企業が生み出した付加価値のうちどれだけ労働者に賃金を分配しているかを表わすのが、労働分配率(=人件費÷付加価値)。この数値は年によって変動が大きいですが、概ね6割前後で、日本は先進国の中で特に高くも低くもありません。日本の低賃金は、付加価値の分配が少ないことによるのではなく、そもそも付加価値が少ないことによるのです。
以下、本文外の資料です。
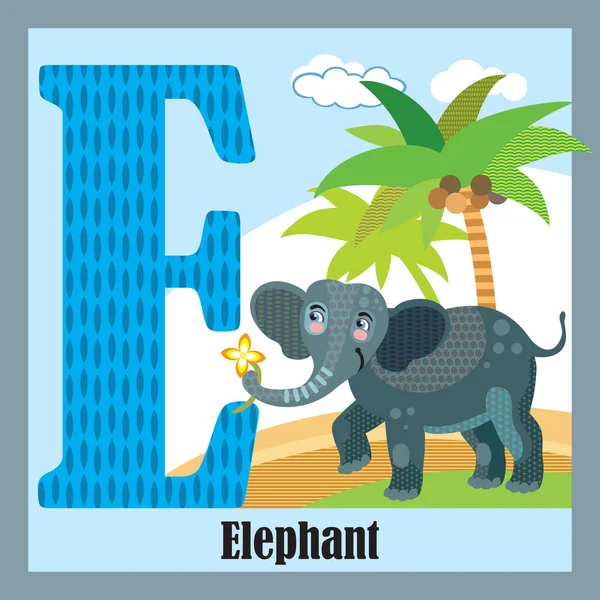動物のアルファベットのベクトル漫画のフラッシュカード 手紙E 手紙Eと象のベクトル文字のカラフルな漫画のイラスト 明るい色動物園野生動物のイラスト かわいいフラット漫画スタイル ストックイラスト — ストックベクタ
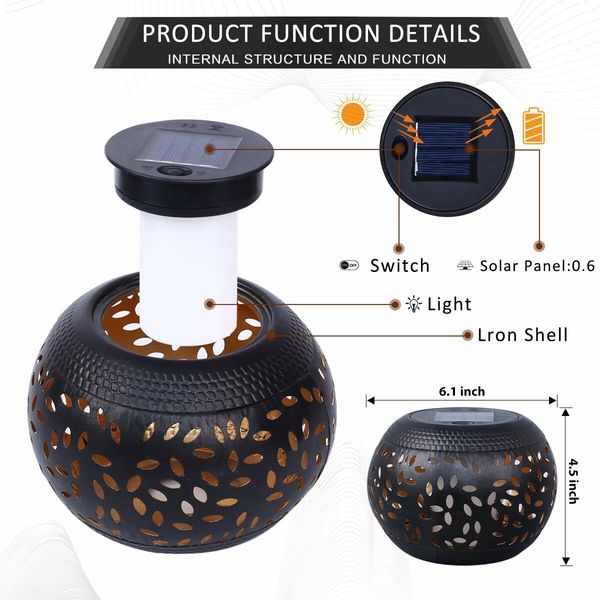 Waterproof Flickering Solar Flame Table Lights Lantern with Black Metal Finish for Patio, Garden, and Pathway (1 Pack)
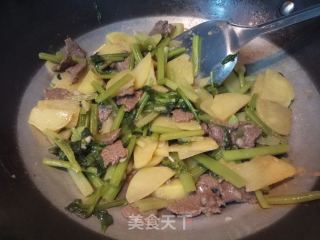 土豆芹菜炒牛肉的做法步骤：10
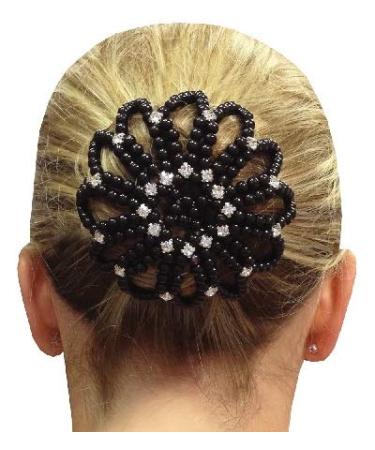 Handmade Elastic Crochet Mesh Bun Cover with Rhinestone Holder - Set of 4 | Perfect for Ballet, Dance, Sports, and Daily Wear - Buy Online on GoSupps.com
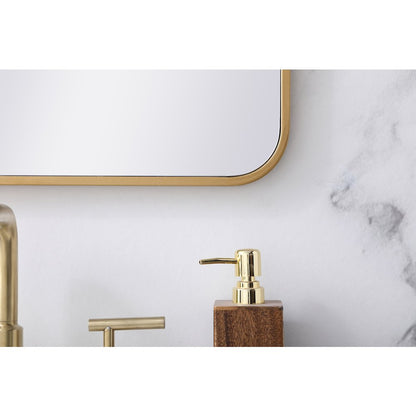 Soft corner metal rectangular mirror 22x30 inch in Brass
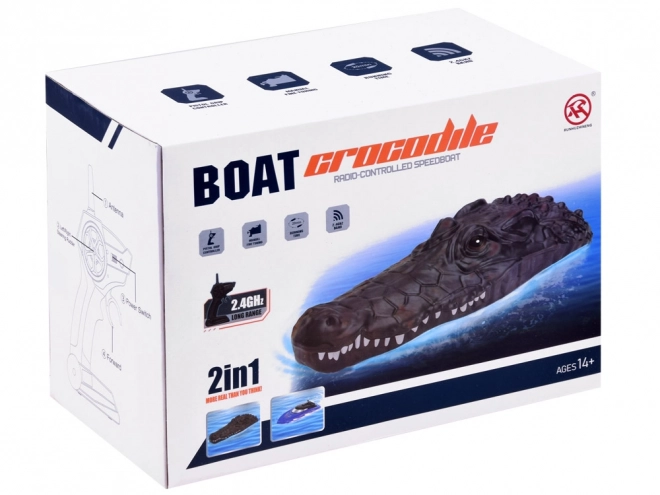 Remote-Controlled Crocodile Boat – Red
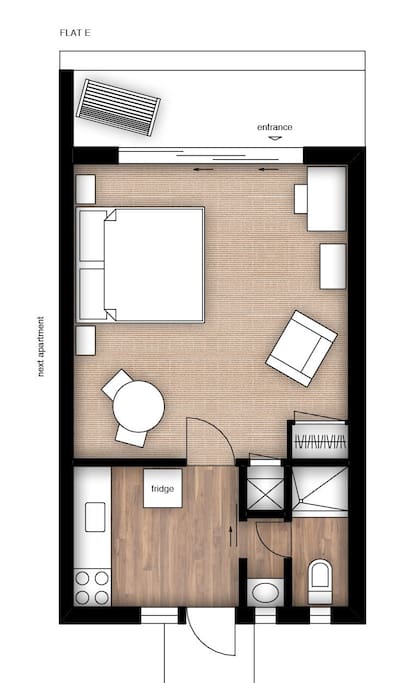 Studio Apartment Floor Plan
では、日本の労働者が生み出す付加価値が少ないのはなぜでしょうか。仕事のアウトプット(パフォーマンス)について、ベクトル・能力・モチベーションという3つの要素が指摘されます。

パフォーマンス=ベクトル×能力×モチベーション

「ベクトル」とは、仕事に取り組む方向性のことです。よく「無駄な会議が多い」「間違ったターゲットに営業をして無駄骨に終わった」といった話を耳にしますが、「ベクトル」は主に業務を指示する経営者の問題です。

残り2つ、「能力」と「モチベーション」は、労働者に関することです。日本の労働生産性が低いのは、経営者が示す「ベクトル」が不適切というだけでなく、労働者の「能力」と「モチベーション」にも問題があるのではないでしょうか。

高学歴化する世界から取り残される日本

まず、労働者の「能力」。義務教育の段階で日本人の能力が世界最高水準であることは、各種の国際調査が証明しています。不自由なく読み書きができるという点で、日本の労働者は優れています。「読み書きができるなんて当たり前だろ」と思うかもしれませんが、移民が多い欧米諸国では、下級労働者は「読み書きができないのが当たり前」です。

しかし、高度な仕事をして、より大きな価値、新しい価値(イノベーション)を生み出すという専門労働者としての能力はどうでしょうか。

近年、先進国では高学歴化が進み、大学院進学率が軒並み上昇しています。フランスの38%という数字は驚きですが、日本は男子14.2%、女子5.6%にとどまり、OECD38か国中29位です。日本では昔も今も「学校教育は大学で終わり」で、高学歴化という世界のトレンドから取り残されています。